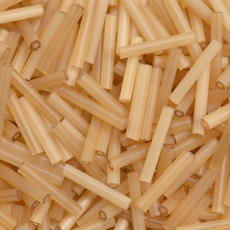 Canutilho Preciosa® Ornela Topaz Transparente Seda (15041) 15mm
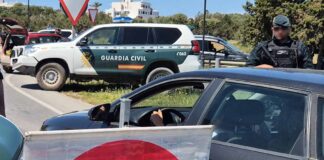 Detenido por tráfico de drogas en Capdepera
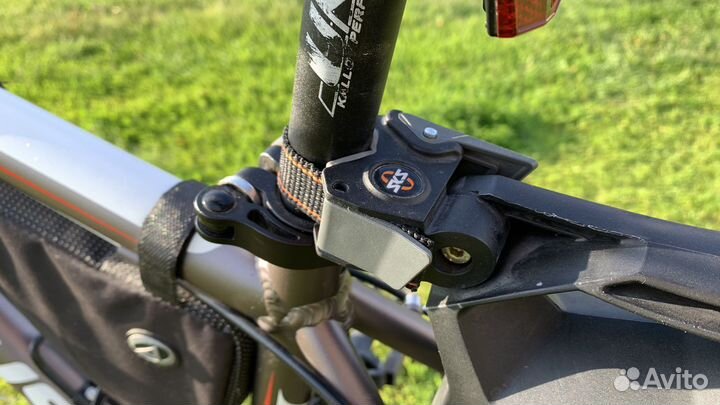 Чешский велосипед Kellys viper 50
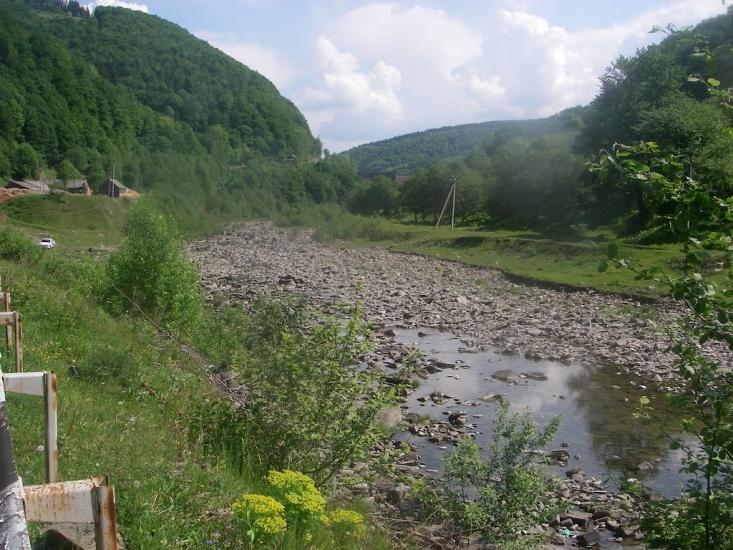Вільшани з panoramio.com - Ольшаны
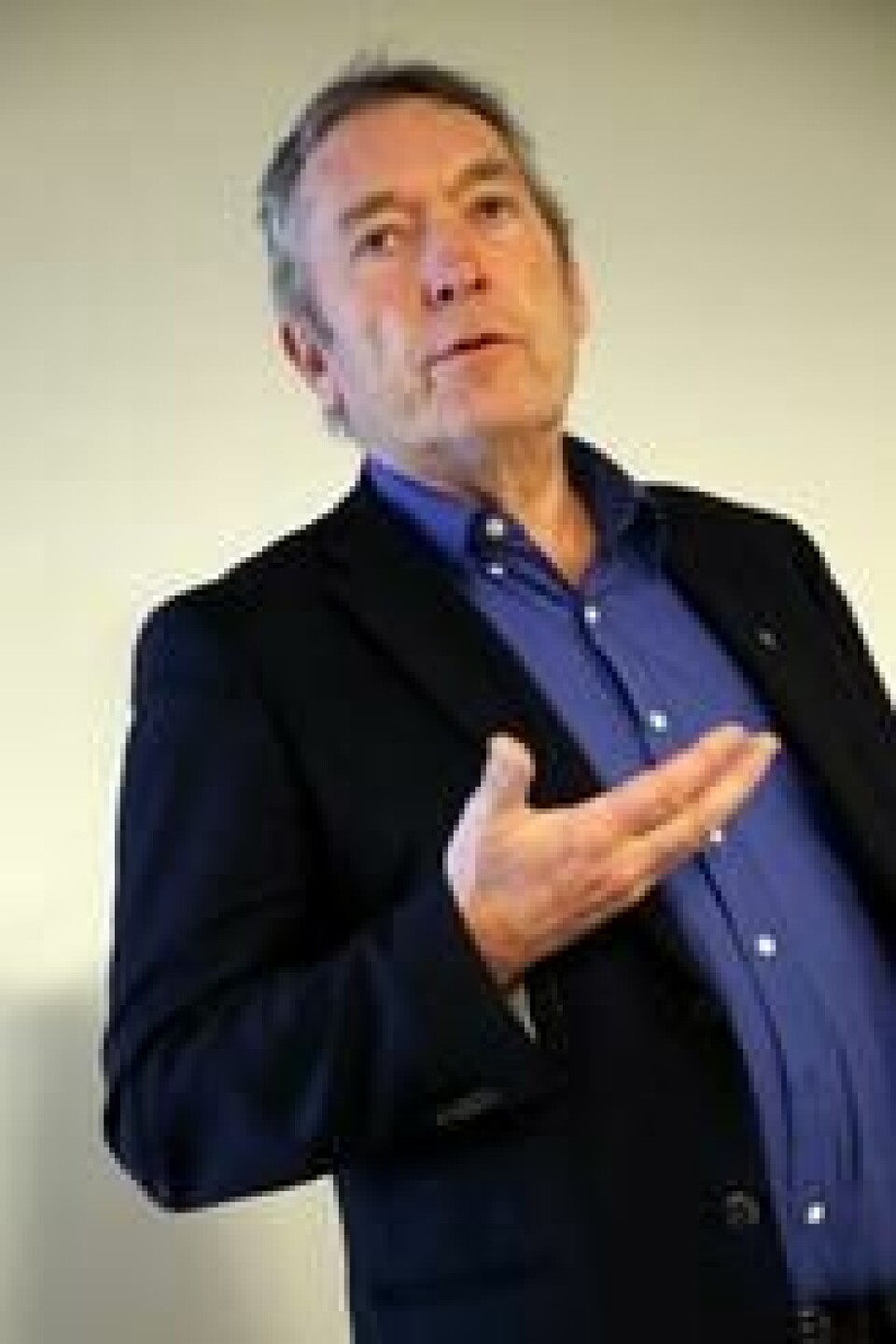Stortingsrepresentant Nils Aage Jegstad (H) er jernbanepolitisk talsperson for Høyre, og sitter i Transport- og kommunikasjonskomiteen. Stortingsrepresentant Nils Aage Jegstad (H) er jernbanepolitisk talsperson for Høyre, og sitter i Transport- og kommunikasjonskomiteen. Foto: Erlend Aas / NTB scanpix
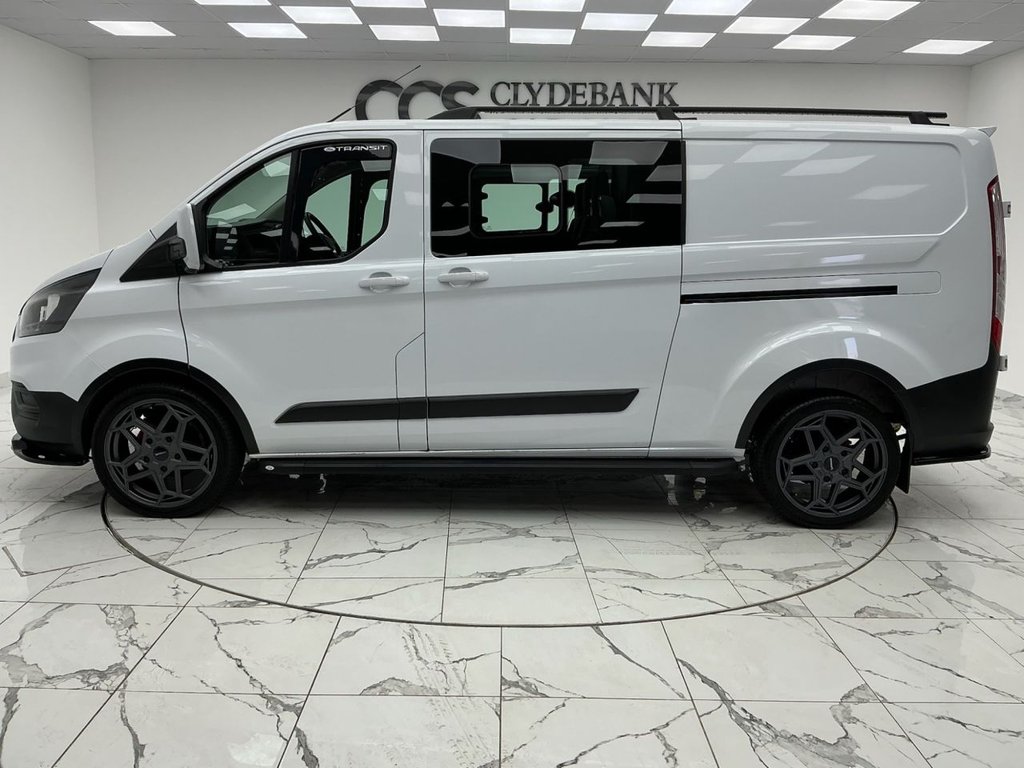Used Ford Transit Custom 2021 for sale - 77693313: Photo 6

====

◆ Work instruction ◆
Return, exactly as they stand, the lines from the opening line of the listing through the line with "Вільшани з panoramio.com - Ольшаны", both ends counted, and no pictures.

◆ Exercise output ◆
 Canutilho Preciosa® Ornela Topaz Transparente Seda (15041) 15mm
 Detenido por tráfico de drogas en Capdepera
 Чешский велосипед Kellys viper 50
Вільшани з panoramio.com - Ольшаны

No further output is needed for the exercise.